**TASK ITEM**. Beginning at the line that contains "a wooden gazebo", write out every line down to the end of the records, with both ends kept and nothing added.

[Brief descriptive captions]
####################

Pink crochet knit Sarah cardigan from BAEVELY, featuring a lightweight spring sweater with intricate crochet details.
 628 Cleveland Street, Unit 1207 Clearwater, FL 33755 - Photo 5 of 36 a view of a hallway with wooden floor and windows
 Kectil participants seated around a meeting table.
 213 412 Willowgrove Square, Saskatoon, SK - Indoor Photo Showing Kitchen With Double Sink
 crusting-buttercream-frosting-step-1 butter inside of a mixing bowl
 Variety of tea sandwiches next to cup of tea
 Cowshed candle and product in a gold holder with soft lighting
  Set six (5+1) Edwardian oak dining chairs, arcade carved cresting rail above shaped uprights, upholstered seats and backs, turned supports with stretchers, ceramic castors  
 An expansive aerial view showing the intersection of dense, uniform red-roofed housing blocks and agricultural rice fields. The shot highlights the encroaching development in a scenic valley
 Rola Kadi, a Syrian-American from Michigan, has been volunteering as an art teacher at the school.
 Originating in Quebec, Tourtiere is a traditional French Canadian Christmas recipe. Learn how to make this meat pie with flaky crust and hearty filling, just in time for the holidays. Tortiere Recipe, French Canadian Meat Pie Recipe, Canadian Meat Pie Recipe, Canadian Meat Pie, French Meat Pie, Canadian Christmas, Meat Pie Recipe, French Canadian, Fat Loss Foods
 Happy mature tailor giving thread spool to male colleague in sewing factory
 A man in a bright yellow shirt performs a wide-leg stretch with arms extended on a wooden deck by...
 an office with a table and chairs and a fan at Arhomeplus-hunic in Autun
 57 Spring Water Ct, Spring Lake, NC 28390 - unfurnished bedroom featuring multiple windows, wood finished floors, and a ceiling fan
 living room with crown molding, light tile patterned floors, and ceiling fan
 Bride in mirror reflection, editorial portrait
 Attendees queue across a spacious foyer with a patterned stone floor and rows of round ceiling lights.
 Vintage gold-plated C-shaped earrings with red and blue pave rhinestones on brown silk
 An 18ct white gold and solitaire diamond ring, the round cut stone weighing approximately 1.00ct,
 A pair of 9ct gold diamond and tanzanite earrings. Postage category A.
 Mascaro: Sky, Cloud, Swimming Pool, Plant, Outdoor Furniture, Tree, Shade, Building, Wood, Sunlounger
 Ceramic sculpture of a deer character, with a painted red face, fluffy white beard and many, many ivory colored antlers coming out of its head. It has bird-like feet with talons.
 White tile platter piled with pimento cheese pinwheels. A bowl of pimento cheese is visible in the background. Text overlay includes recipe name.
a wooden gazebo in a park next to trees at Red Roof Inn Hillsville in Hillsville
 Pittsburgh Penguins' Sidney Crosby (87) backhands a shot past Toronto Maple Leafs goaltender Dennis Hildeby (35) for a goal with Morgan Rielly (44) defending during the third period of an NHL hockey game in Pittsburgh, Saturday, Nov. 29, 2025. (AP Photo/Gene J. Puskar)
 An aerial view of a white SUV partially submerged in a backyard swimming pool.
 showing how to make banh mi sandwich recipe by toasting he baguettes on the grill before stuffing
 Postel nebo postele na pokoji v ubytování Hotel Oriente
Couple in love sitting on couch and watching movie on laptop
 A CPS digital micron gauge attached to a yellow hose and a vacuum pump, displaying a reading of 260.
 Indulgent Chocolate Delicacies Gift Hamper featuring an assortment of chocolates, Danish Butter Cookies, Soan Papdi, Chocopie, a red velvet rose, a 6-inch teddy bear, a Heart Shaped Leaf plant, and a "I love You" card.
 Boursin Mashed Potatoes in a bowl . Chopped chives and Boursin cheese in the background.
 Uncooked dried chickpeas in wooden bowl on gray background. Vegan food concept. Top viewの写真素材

####################

**TASK ANSWER**.
a wooden gazebo in a park next to trees at Red Roof Inn Hillsville in Hillsville
 Pittsburgh Penguins' Sidney Crosby (87) backhands a shot past Toronto Maple Leafs goaltender Dennis Hildeby (35) for a goal with Morgan Rielly (44) defending during the third period of an NHL hockey game in Pittsburgh, Saturday, Nov. 29, 2025. (AP Photo/Gene J. Puskar)
 An aerial view of a white SUV partially submerged in a backyard swimming pool.
 showing how to make banh mi sandwich recipe by toasting he baguettes on the grill before stuffing
 Postel nebo postele na pokoji v ubytování Hotel Oriente
Couple in love sitting on couch and watching movie on laptop
 A CPS digital micron gauge attached to a yellow hose and a vacuum pump, displaying a reading of 260.
 Indulgent Chocolate Delicacies Gift Hamper featuring an assortment of chocolates, Danish Butter Cookies, Soan Papdi, Chocopie, a red velvet rose, a 6-inch teddy bear, a Heart Shaped Leaf plant, and a "I love You" card.
 Boursin Mashed Potatoes in a bowl . Chopped chives and Boursin cheese in the background.
 Uncooked dried chickpeas in wooden bowl on gray background. Vegan food concept. Top viewの写真素材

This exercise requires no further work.